到县医院急诊室后,张强给老婆吴莉打电话,让她立马来医院。吴莉刚来到医院,那位大叔的老婆季芳和他们十六岁的儿子李涛也来了。季芳气急败坏地问,老李,你不是穿着黄马甲吗?咋会被轧了呢?老李说雾大呗。季芳火了,快没命了,还替肇事人遮掩,憨呀你?老李煞白着脸苦笑。
医生开了个单子,催他们去住院处缴费。张强说您行行好,先安排老李住院用药中不?我这就回去筹钱。医生说恰好我院刚出台一项为民举措,对于危重特殊病人,可以先住院治疗,你赶紧筹钱去吧,我马上请示院长。
张强走出医院后,发现李涛跟在后面,你走哪儿他跟哪儿,像条不声不响的影子。来到一位朋友家,张强说想借点钱,有急用。

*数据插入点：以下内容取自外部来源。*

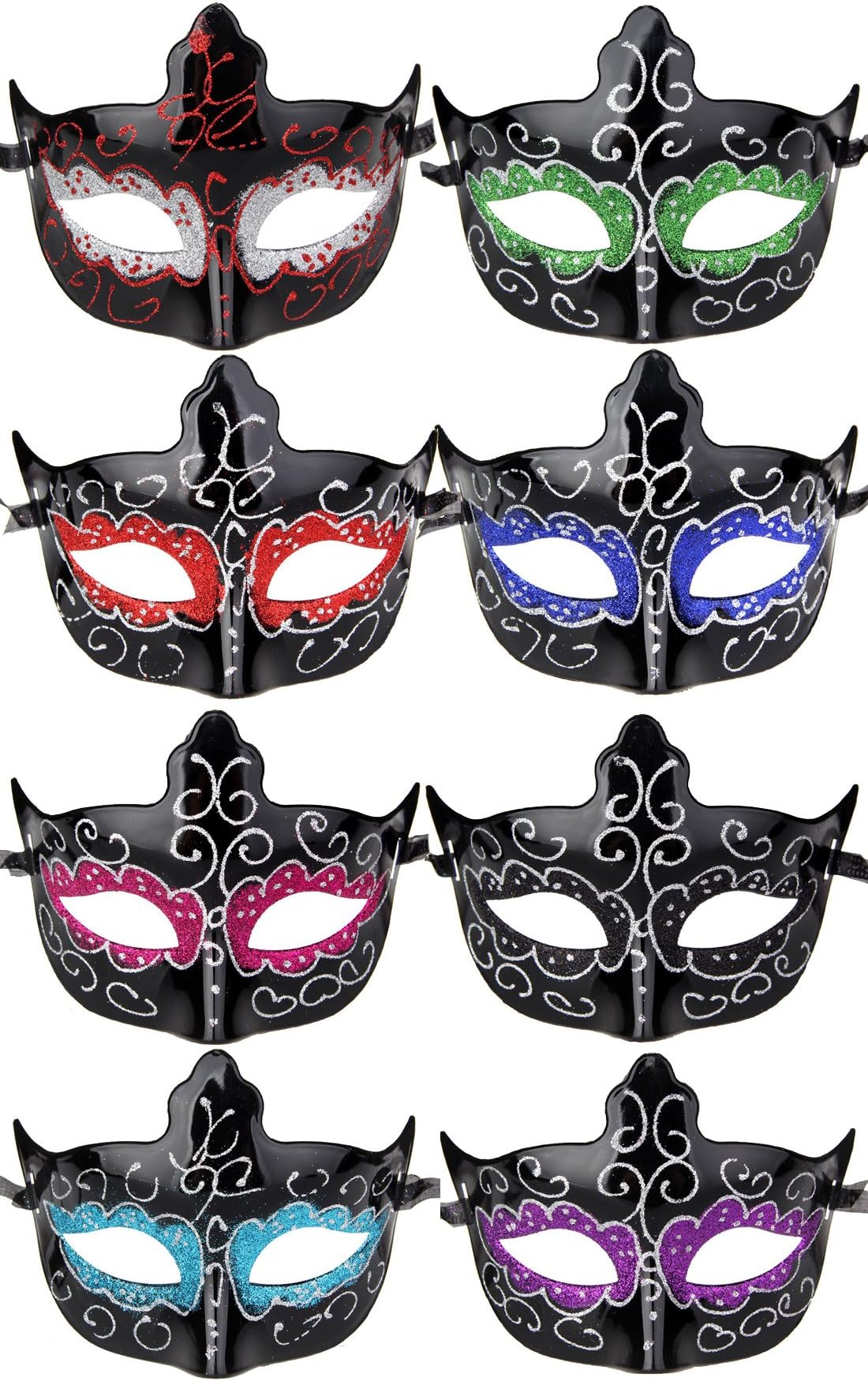 12pcs Set Evening Prom Masquerade Masks Halloween Costumes Party Accessory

朋友问这个孩子是谁?张强不得不实话实说。朋友听了摇摇头,说自己手头紧,你去别处借吧。一连去了几家,都是这种情况。张强说,李涛,你跟这么紧,我想扯个幌子都不成,不如你回医院,我老婆不是在那儿吗?你盯好她就成。李涛还是不吱声,却点点头,转身走了。
又转几家,张强只借到几百块。去年二月里,张强因为老爸身患肝癌住院,取出全部存款,又借了三万多块,才筹齐手术费。现在他下岗了,旧债还不了,谁肯再把钱往穷坑里扔呀?
张强有个高中同学叫刘洋,在市里一家公司当副总,去年借给张强一万,还说有困难尽管张口,你这人实在,我上大学那会儿你曾借给我几千块,现在,我得涌泉相报。刘洋的手机停机了,张强只得去市里,找房东打听,房东说那家公司倒闭了,刘洋去了石河子。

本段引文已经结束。